Build A Sampling Table¶
import rasteret
collection = rasteret.load("my_experiment")
table = collection.to_table(
columns=[
"id",
"datetime",
"geometry",
"proj:epsg",
"label",
"B08_metadata",
"B04_metadata",
"B03_metadata",
],
)
TorchGeo can turn this Arrow-native collection metadata into its own GeoPandas index, choose a sampling CRS/resolution, and keep Rasteret focused on pixel reads.
Read A Fixed Grid Window¶
window = collection.read_window(
record_ids=table.column("id").to_pylist()[:1],
bounds=(500000.0, 999000.0, 501280.0, 1000000.0),
res=(10.0, 10.0),
bands=["B08", "B04", "B03"],
)
read_window(...) returns a NumPy array on the exact query grid. Overlapping
records are mosaicked internally with fixed-grid semantics.
Filtering¶
Metadata and attribute filtering (cloud cover, date range, custom columns)
belongs on the collection before construction. Spatial ROI is a sampler
concern — pass roi= to RandomGeoSampler. dataset.index is a public
GeoDataFrame and can be sliced after construction if needed.
subset(...) covers the common cases.

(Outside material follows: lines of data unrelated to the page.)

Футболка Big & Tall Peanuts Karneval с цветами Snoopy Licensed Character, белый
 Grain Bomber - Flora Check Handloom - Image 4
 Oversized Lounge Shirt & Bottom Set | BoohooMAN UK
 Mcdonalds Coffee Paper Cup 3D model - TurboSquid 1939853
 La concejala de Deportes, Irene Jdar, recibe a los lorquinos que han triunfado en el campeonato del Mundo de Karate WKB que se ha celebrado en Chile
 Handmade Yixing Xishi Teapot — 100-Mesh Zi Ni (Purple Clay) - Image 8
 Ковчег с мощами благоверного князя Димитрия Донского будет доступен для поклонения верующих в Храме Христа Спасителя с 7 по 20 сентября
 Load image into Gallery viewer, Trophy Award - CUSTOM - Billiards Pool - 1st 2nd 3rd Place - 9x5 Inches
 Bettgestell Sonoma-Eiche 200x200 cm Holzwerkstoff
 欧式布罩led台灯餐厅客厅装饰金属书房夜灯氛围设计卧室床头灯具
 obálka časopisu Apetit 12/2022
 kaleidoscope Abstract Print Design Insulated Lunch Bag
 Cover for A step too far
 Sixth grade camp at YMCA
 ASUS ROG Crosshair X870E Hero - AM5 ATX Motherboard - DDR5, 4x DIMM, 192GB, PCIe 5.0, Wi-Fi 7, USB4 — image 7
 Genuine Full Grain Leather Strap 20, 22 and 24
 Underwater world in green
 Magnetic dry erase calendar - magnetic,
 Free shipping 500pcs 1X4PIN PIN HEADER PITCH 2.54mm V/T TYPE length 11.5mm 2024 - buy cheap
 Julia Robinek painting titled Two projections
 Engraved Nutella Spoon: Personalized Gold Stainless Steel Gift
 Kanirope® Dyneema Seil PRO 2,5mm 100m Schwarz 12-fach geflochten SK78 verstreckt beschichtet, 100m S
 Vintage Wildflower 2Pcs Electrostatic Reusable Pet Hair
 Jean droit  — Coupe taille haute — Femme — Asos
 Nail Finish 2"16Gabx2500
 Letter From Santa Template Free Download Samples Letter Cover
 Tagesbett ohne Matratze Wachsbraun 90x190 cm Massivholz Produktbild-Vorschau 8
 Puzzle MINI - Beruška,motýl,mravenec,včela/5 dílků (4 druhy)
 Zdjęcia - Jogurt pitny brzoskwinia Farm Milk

For anything more complex — joins,
custom expressions, multi-step transforms — the collection is Arrow-native,
so you can work with it in DuckDB, Polars, or pandas and wrap the result back
with rasteret.as_collection(table, data_source=collection.data_source).
Use collection.subset(...) for common filters:
train = collection.subset(cloud_cover_lt=20)
table = train.to_table(
columns=[
"id",
"datetime",
"geometry",
"proj:epsg",
"biomass_value",
"B04_metadata",
"B03_metadata",
"B02_metadata",
"B08_metadata",
],
)
For adding split and label columns before this step, see Bring Your Own AOIs, Points, And Metadata. For benchmark methodology and current numbers, see Benchmarks and the TorchGeo Benchmark: Rasteret vs Native Rasterio notebook.